It would be nice if linoleic acid metabolism effects were simpler.
They're not.
Peter
12 comments:
Yeah, it would be nice if it were simpler.
Nice series of posts!
“At 45% of E it activates UCP1 in BAT via FGF21 giving a detectable rise in metabolic rate in addition to avoiding pathological lipid accumulation.”
Did you see this post?
https://open.substack.com/pub/tuckergoodrich/p/does-our-body-treat-seed-oils-like
Part of what I discussed was a BAT KO model with D12492. D12492 is much more obesogenic without BAT function!
I do wonder how many of the most prominent researchers in the area grasp this complexity. However good some of the experiments are, do you see any signs that there's an academic anywhere who is putting all of the pieces together?
No.
Hi Tucker, the next post will be a Noddy-ish explanation of reduced ROS (UCP2 or n-acetylcysteine) in terms of what it does to insulin signalling. But the bottom line is that delaying or blunting the onset of ROS production *lowers* insulin signalling. UCP2 (or NAC) does not induce or remove insulin resistance, it actively suppress insulin signalling, which is what reduces obesity. IMNSVHO!

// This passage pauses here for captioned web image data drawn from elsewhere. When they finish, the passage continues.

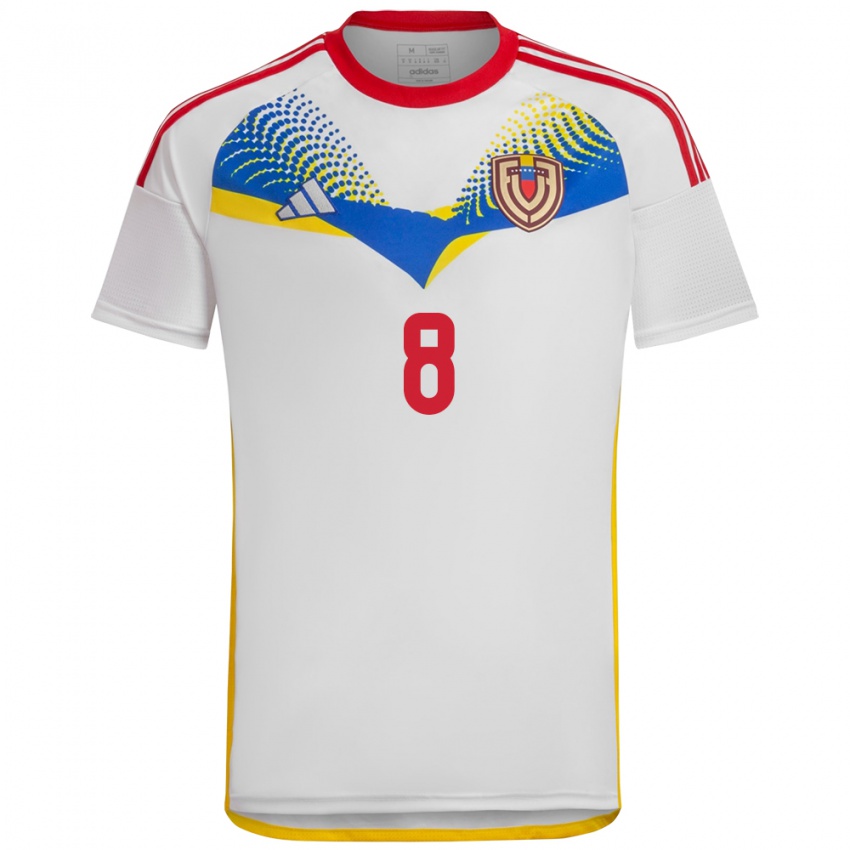 Niño Camiseta Venezuela Giovanny Sequera #8 Blanco 2ª Equipación 24-26 La Camisa México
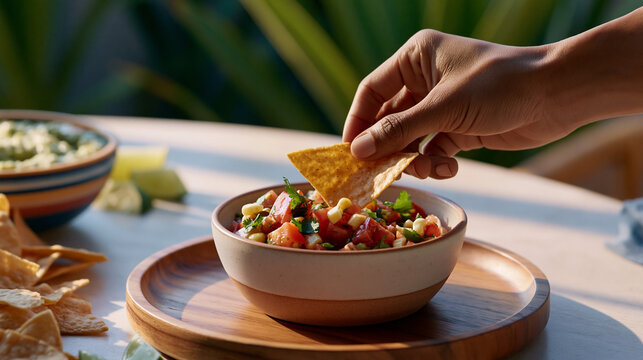 Hand dipping crispy tortilla chip into fresh corn and tomato salsa with cilantro served in ceramic bowl, colorful mexican appetizer in warm sunlight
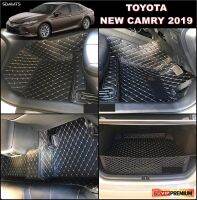 พรมปูพื้นรถยนต์ NEW CAMRY 2019 รุ่น6D VIP สีดำด้ายครีม หนาพิเศษ รวมแผ่นท้าย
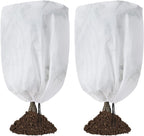 2 Pack Frost Protection Plant Covers White Frost Resistant Fabric Tree Cover with Drawstring Outdoor Greenhouse Winter Protection for Plants Shrubs Potted Plants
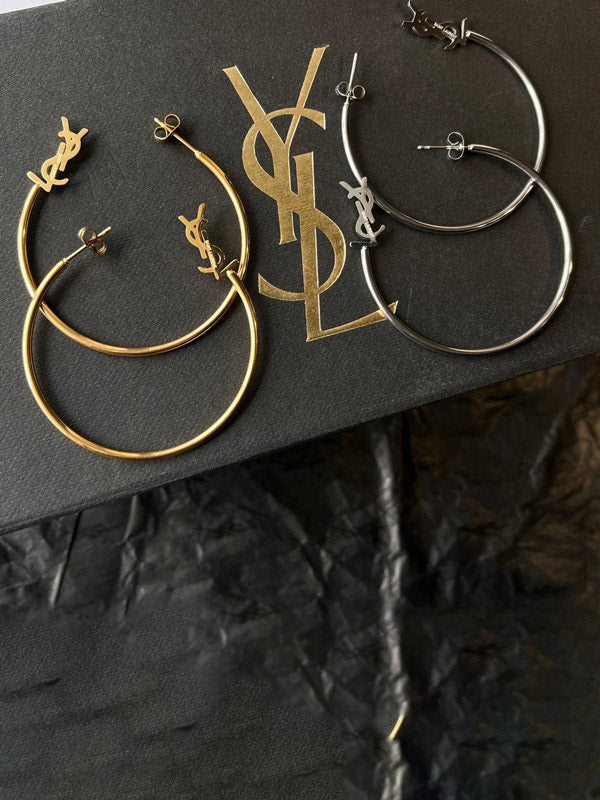 حلق ايف سان لوران مدور كبير حلق ysl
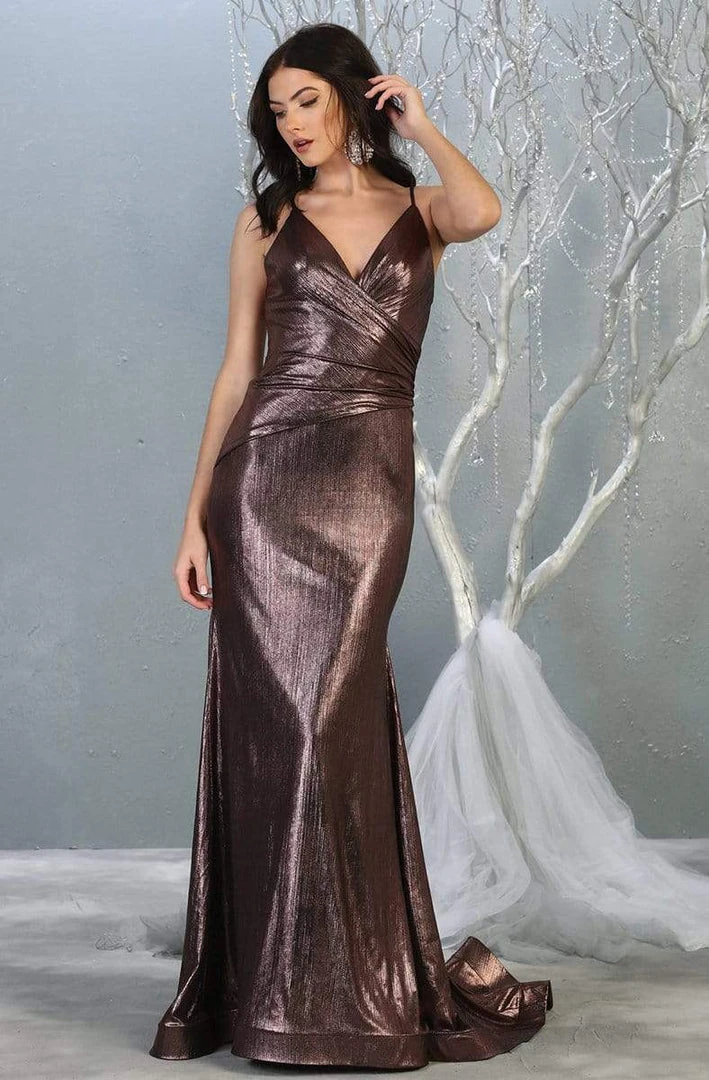 Formal Gowns May Queen - RQ7838 V-neck Wrapped Trumpet Dress 6 Formal Gowns May Queen - RQ7838 V-neck Wrapped Trumpet Dress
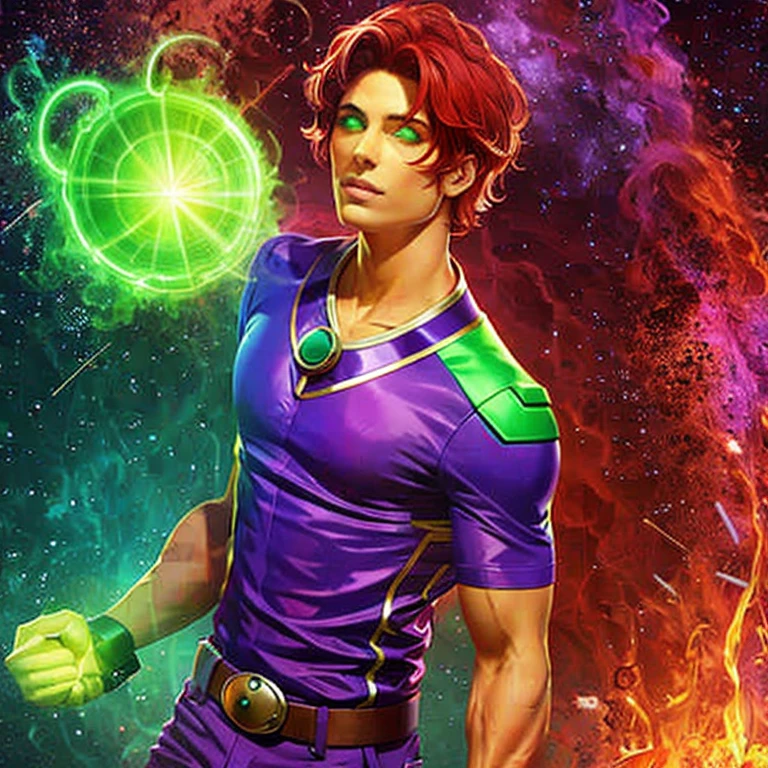 (masterpiece, best quality:1.2), 1boy, solo, colored skin, green eyes, red short hair, purple clothes, wildfire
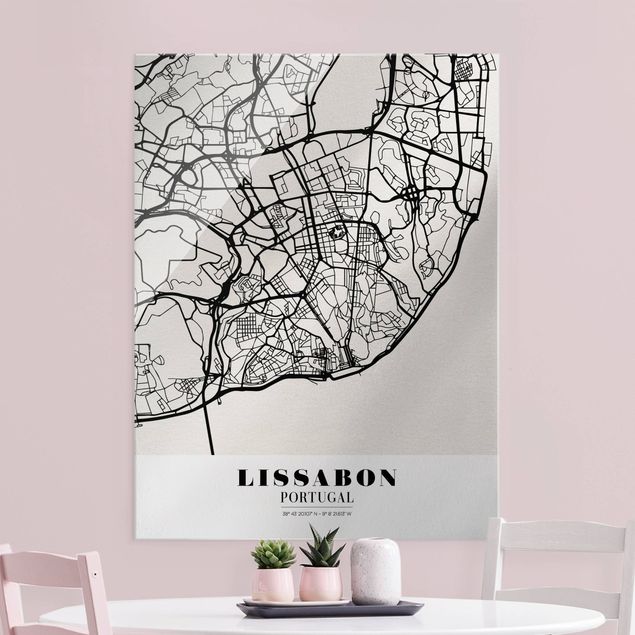 Obrazy na szkle portret City Map Lisbon - Klasyczna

The concept of disposal of potentially damaging metabolic substrates is an interesting one. In the basic core of pre-biology were ROS. Given an adequate supply of electrons to generate ROS then CO2 + 2electrons + 2protons -> HCOOH. From that all metabolism is down hill. Pax photosynthesis.
Needing to deal with substrates which come with problems from excess ROS, especially those like fatty acids over 20 carbons, leads to the peroxisomes, core to Dave Speijer's thinking. These are problems LECA had to solve. Also to the original UCPs, which might be prokaryote safety-net derived.
Going to more complex organisms leads to whole organism distribution of substrate and the evolution of the insulin signalling pathways (and related schemes) and the co-opting of UCPs to modify that signal.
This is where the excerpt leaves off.